If I wanted a "proper scanner antenna", I wouild reach over in the drawer and pick out one of over a dozen I own intended for handheld radios or hook up one of the FOUR I have mounted outside on the tower.

"Not a put down" but then you call me a "plug 'n play ham". What would you call that? A compliment?



I didn't ask anyone to be my "elmer". I had a great one 20 years ago (he is now SK) and I seriously doubt you would come anywhere NEAR filling his shoes. I thought it might be fun to play around with a different antenna design and saw no need in duplicating someone else's previous efforts. And, besides, OM's like you are generally referred by a different set of initials. didah didididit



Where do you come up with the cajones to take that kind of a slap at someone you do NOT know, who is just asking a simple question? My shack is full of dead bug projects, homebrews and kits. I have several boxes of wire bundles of different lengths left over from all types of LF, MF and HF antenna projects. How do you take a simple question and make the rash assumption that I have no education or training?

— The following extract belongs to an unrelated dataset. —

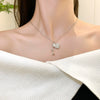 Jewelry Silver Cat's Eye Stone Tassel Purse Pendant O Chain Necklace For Women Titanium Steel Copper Electroplating Light Luxury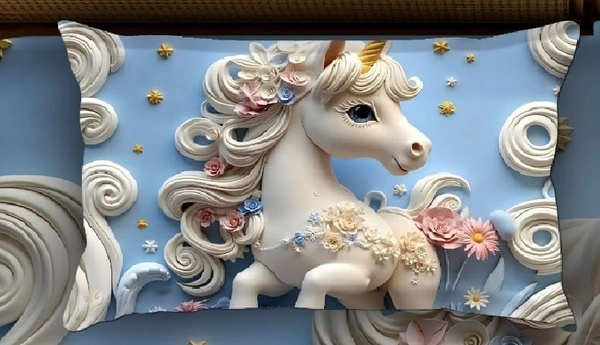 Sky 7D Horse Digital Glace Cotton King Size Flat Double Bedsheet (Size Bedsheet 90x100 inch with 2 Pillow cover)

And where do you think I got the idea for a possible VHF, UHF, EHF dipole?
A commercial design available from Scanner Master:
WAN-97A Active Nomad Base Antenna

Why buy it if I can build it? Is that concept "old school" enough for you?

Dipoles are inherent in all types of antenna designs for all frequencies. Most yagis use a form of dipole for the radiator, differing the feed slightly. Verticals are simply dipoles using earth ground as a counter poise. Corner reflectors use a dipole as the radiator. TV "rabbit ears" are a form of dipole.

All antenna experiments start with a dipole and modify it in some manner. Resonance, capacitance and resistence are all calculated into the equations to find an efficient design. All I wanted to know if someone else had bothered to start from scratch and was trying to learn from what they had found. I just wanted help with possible wire lengths.

If you do not know the answer or have no experience with the question, DON'T REPLY TO THE POST!!

And stop making assumptions, you come across as arrogant, rude and obnoxious. Your condescending remarks were NOT needed, wanted nor appreciated.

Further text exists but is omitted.